I hope this will be useful to other members of the Xinha community, or at least save someone the pain of trying to figure out how to make Flash work in Xinha.
Mike Harris Jones International University
Within the function HTMLArea.Config,
this.fullPage = false;
was changed to
this.fullPage = true;
This might work with simply the full page plugin instead, and perhaps this modification could be adapted to work with the default setting. Content in Jones Standard is actual HTML files, but this obviously won't work for everyone. Xinha in IE and fullpage already preserves JavaScript? in the head of the document, this modification allows it to preserve JavaScript? in the body as well.

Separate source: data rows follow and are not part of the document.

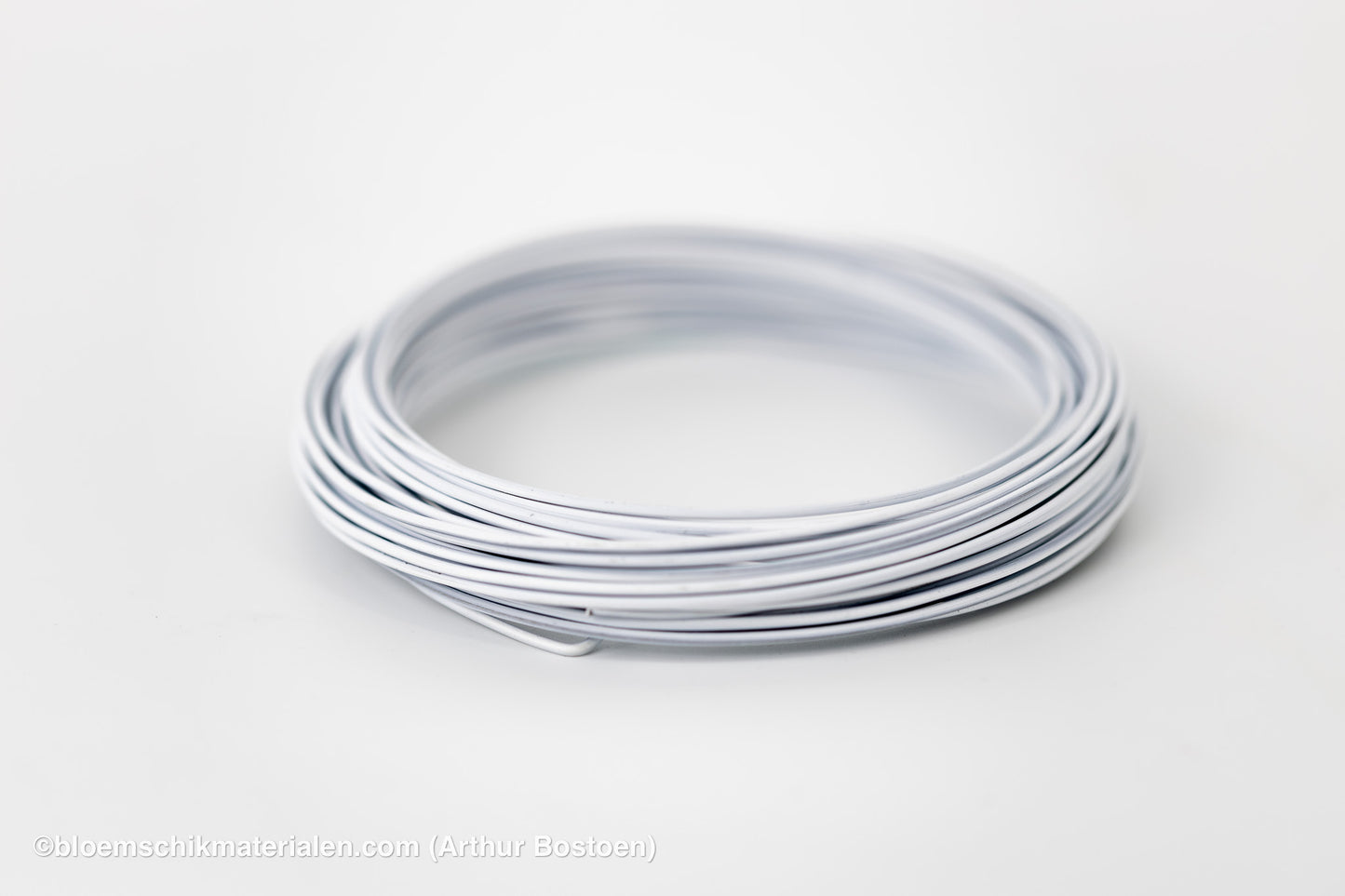 ALUMINIUMDRAAD WIT (2mm dikte, +/-12M lang)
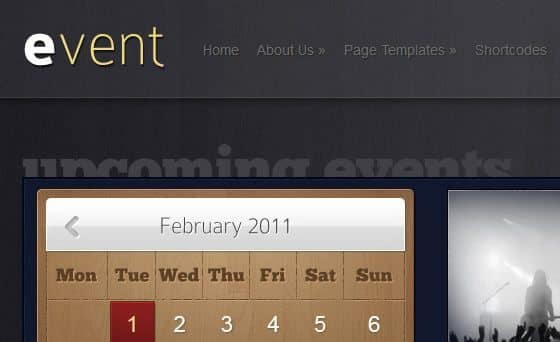 Elegant Themes Event WordPress Theme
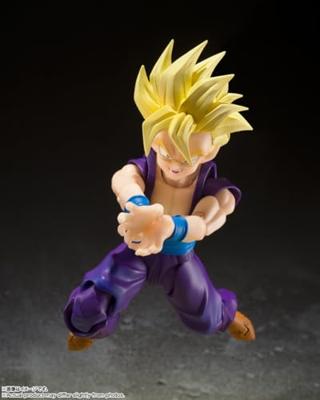 Dragon Ball Z S.H. Figuarts Action Figure Super Saiyan Son Gohan - The Warrior Who Surpassed Goku 11 cm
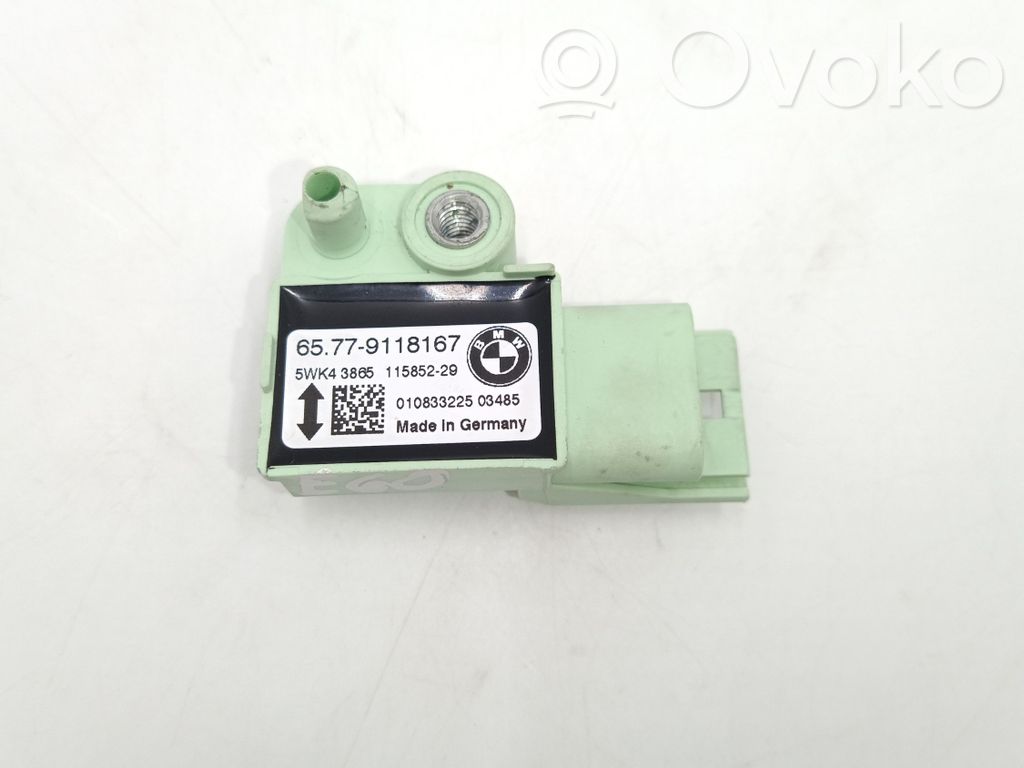 Airbagsensor Crashsensor Drucksensor   65779118167,9118167,9118168,65779118168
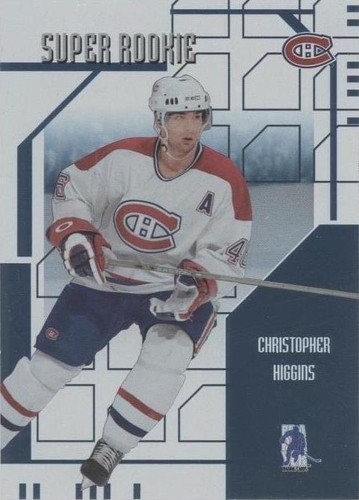 2003-04 In the Game Be A Player Memorabilia - Chris Higgins #SR-17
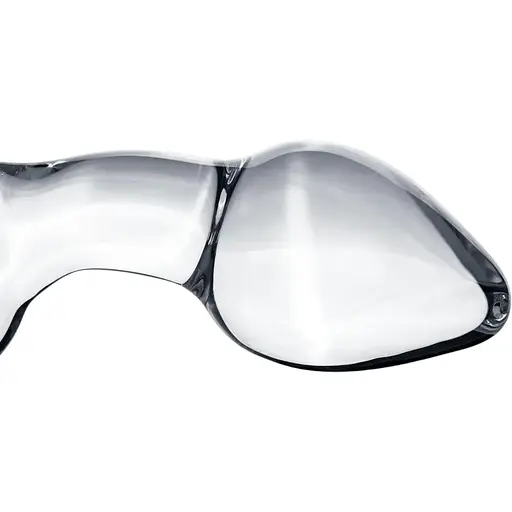 Стеклянный стимулятор простаты Gildo Glass Prostate Plug No. 13 - фото 2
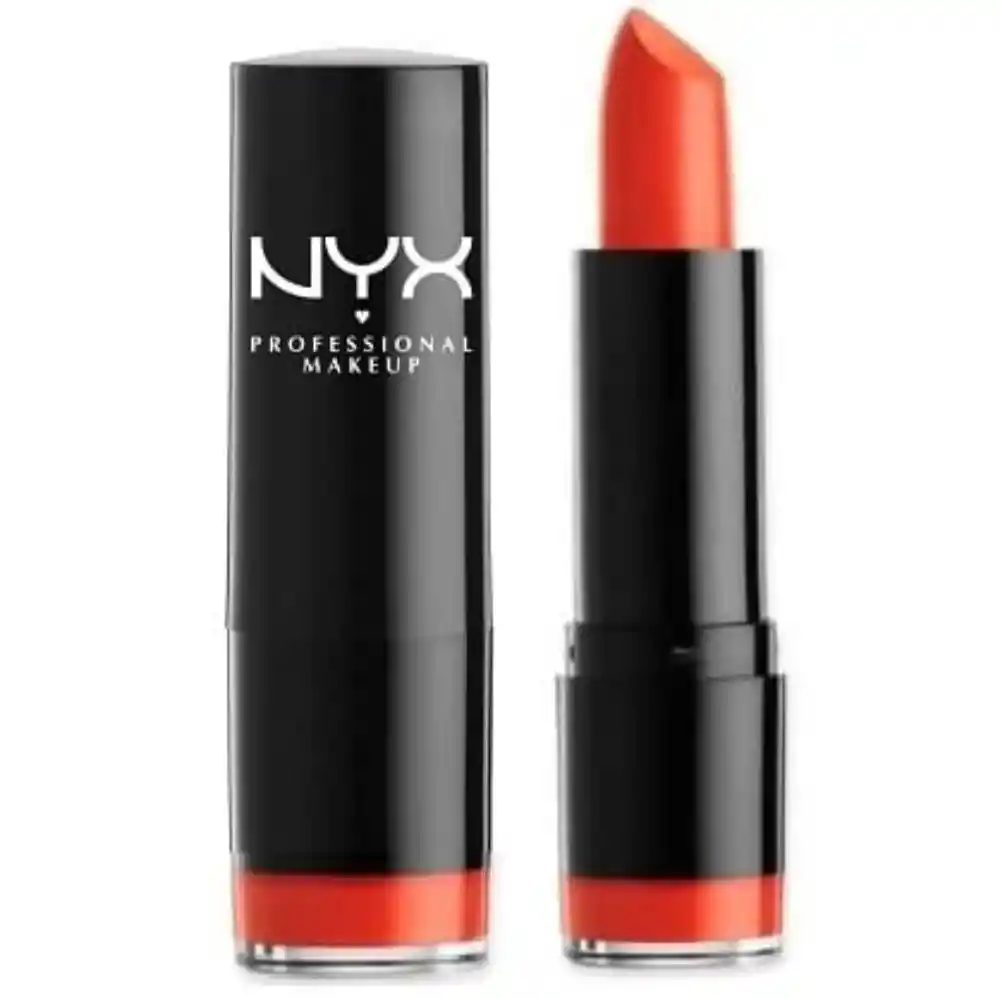 Labial Extra Cremoso Matte Nyx 583a-haute Melon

Within the function HTMLArea.prototype.forceRedraw,
this._doc.body.innerHTML = this.getInnerHTML();
was uncommented, otherwise for some reason the line above it
this._doc.body.style.visibility = "visible";
would sometimes appear in the content.
HTMLArea._blockTags had additional tags added:
HTMLArea._blockTags = " body form textarea fieldset ul ol dl li div embed" + "p h1 h2 h3 h4 h5 h6 quote pre button table thead object script" + "tbody tfoot tr td th iframe address noscript blockquote";
_
HTMLArea._closingTags had more tags added:
HTMLArea._closingTags = " head body script form style div span tr td th tbody table em strong button object b i code cite dfn abbr acronym font a title ";
_
There were many changes in the function HTMLArea.getHTMLWrapper, but this function seems to have been greatly modified recently. So, here is the entire now one month(!) obsolete HTMLArea.getHTMLWrapper function with the new code commented as //!!. It's a pretty bloated and redundant hack, but it worked great for our purposes:
HTMLArea.getHTMLWrapper = function(root, outputRoot, editor) {
var html = "";
switch (root.nodeType) {
case 10:// Node.DOCUMENT_TYPE_NODE
case 6: // Node.ENTITY_NODE
case 12:// Node.NOTATION_NODE
// this all are for the document type, probably not necessary
break;
case 2: // Node.ATTRIBUTE_NODE
break;
case 4: // Node.CDATA_SECTION_NODE
// Mozilla seems to convert CDATA into a comment when going into wysiwyg mode,
// don't know about IE
html += '<![CDATA[' + root.data + ']]>';
break;
case 5: // Node.ENTITY_REFERENCE_NODE
html += '&' + root.nodeValue + ';';
break;
case 7: // Node.PROCESSING_INSTRUCTION_NODE
// PI's don't seem to survive going into the wysiwyg mode, (at least in moz)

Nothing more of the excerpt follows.